##### Records shown

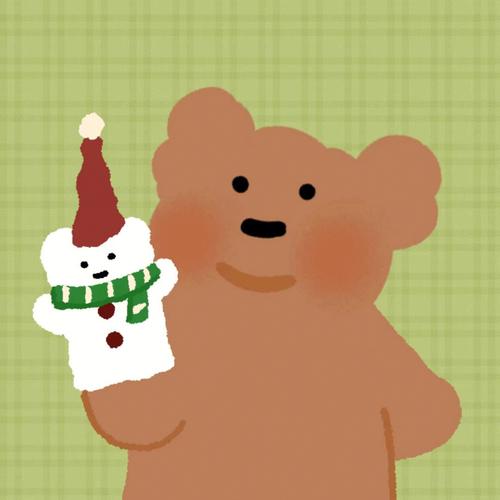 可爱的熊熊背面头像：我要做一个会撒糖糖的小孩子 走一路 糖撒一路 让和我一起走在路上的你甜到心里。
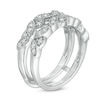 Thumbnail Image 2 of 3/8 CT. T.W. Diamond Leaves Vintage-Style Ring Solitaire Enhancer in Sterling Silver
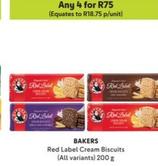 Bakers - Red Label Cream Biscuits offers at R 18,75 in Makro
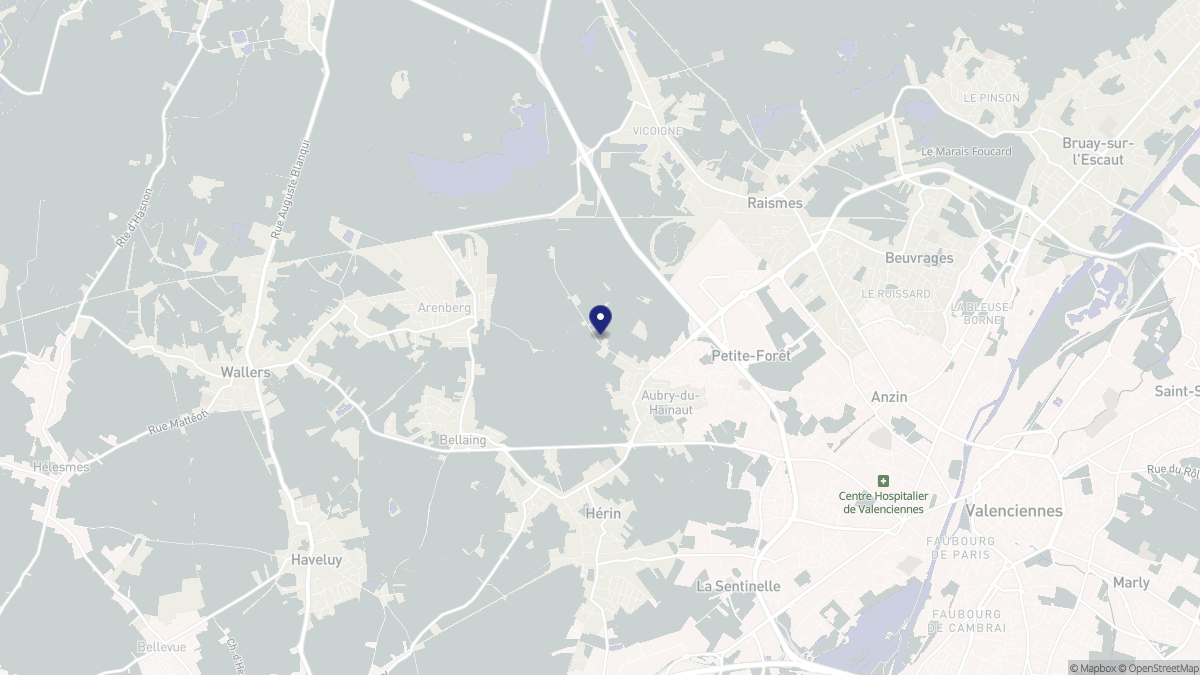 Aperçu cartographique de Aubry-du-Hainaut, centré sur la commune
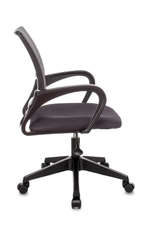 Кресло офисное TopChairs ST-Basic сетка/ткань серый
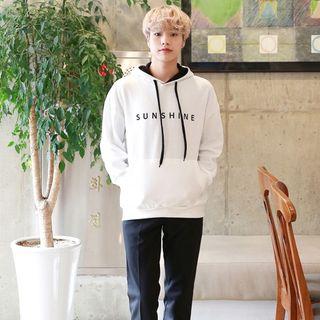 Sunshine Embroidered Two-tone Hoodie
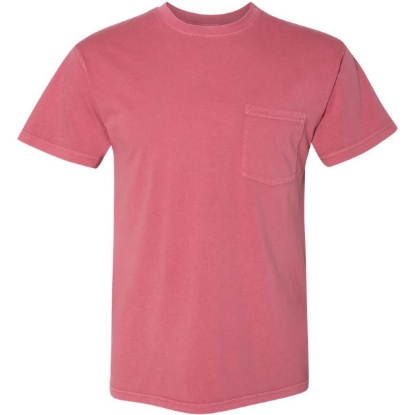 Custom Unisex Inspired Dye Pocket T-Shirt Smoked Paprika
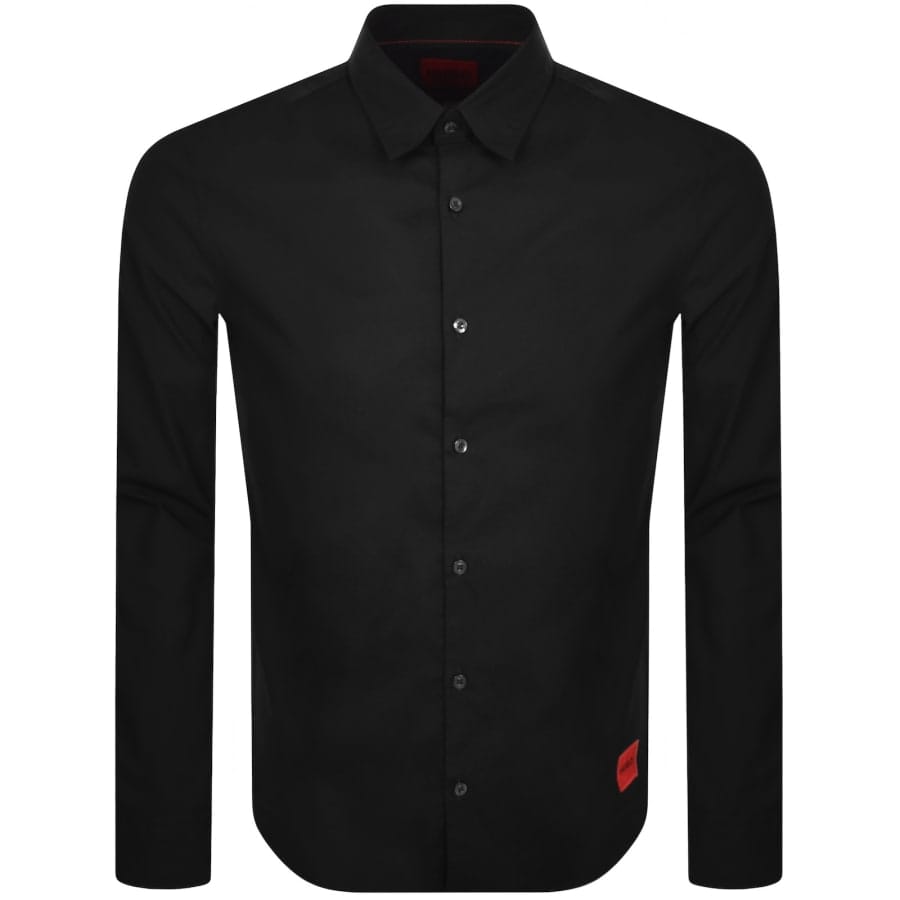 HUGO Ero3 W Long Sleeve Shirt Black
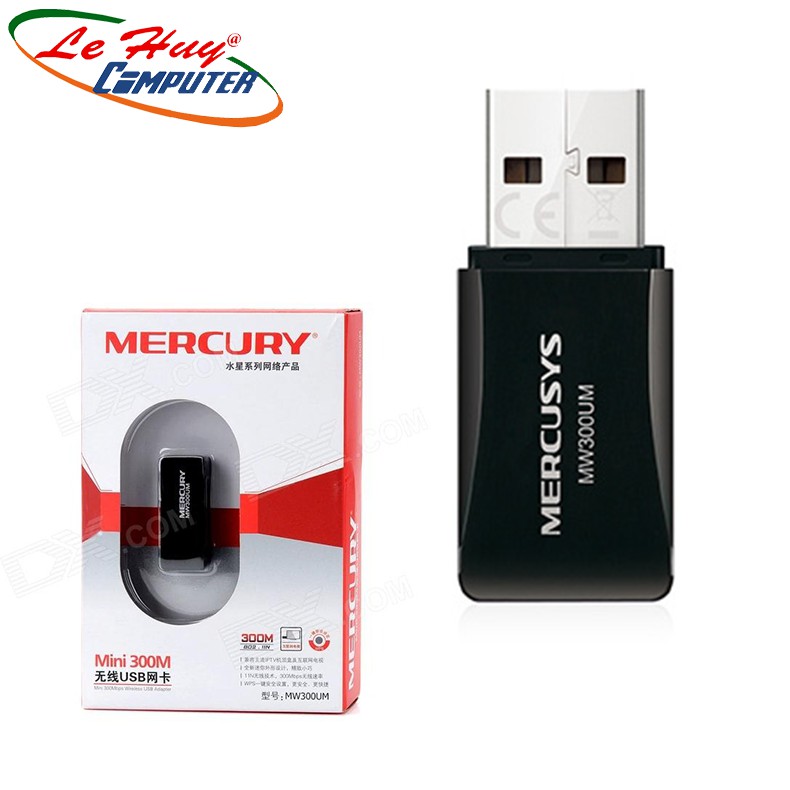 USB Wifi Mini Chuẩn N Mercusys MW300UM 300Mbps | WebRaoVat - webraovat.net.vn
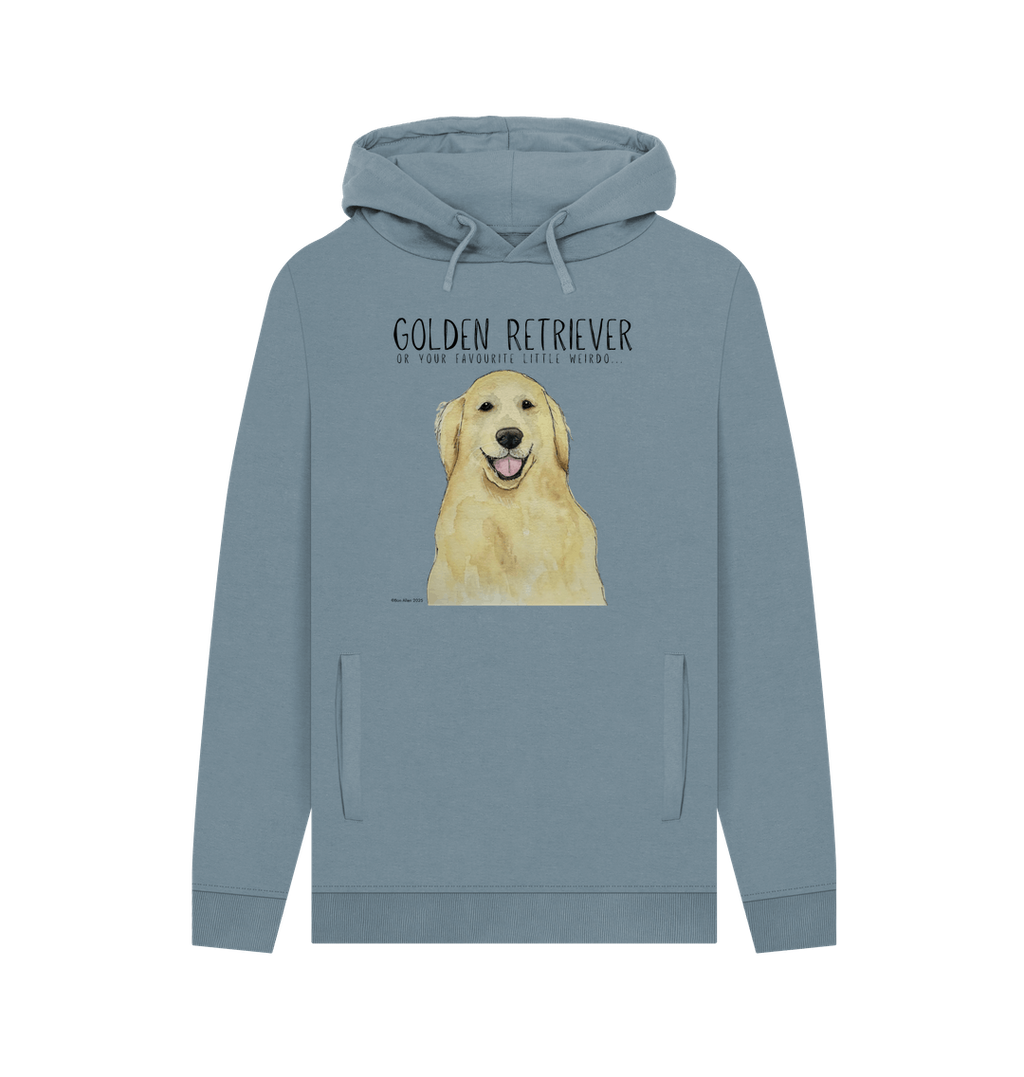 Golden Retriever Men's Hoodie in Organic Cotton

##########

• _The task_:
In the copy, include exactly the lines from the one with "USB Wifi Mini" through the final line of the data, both ends included, and no pictures.

• _Expected answer_:
 USB Wifi Mini Chuẩn N Mercusys MW300UM 300Mbps | WebRaoVat - webraovat.net.vn
 Golden Retriever Men's Hoodie in Organic Cotton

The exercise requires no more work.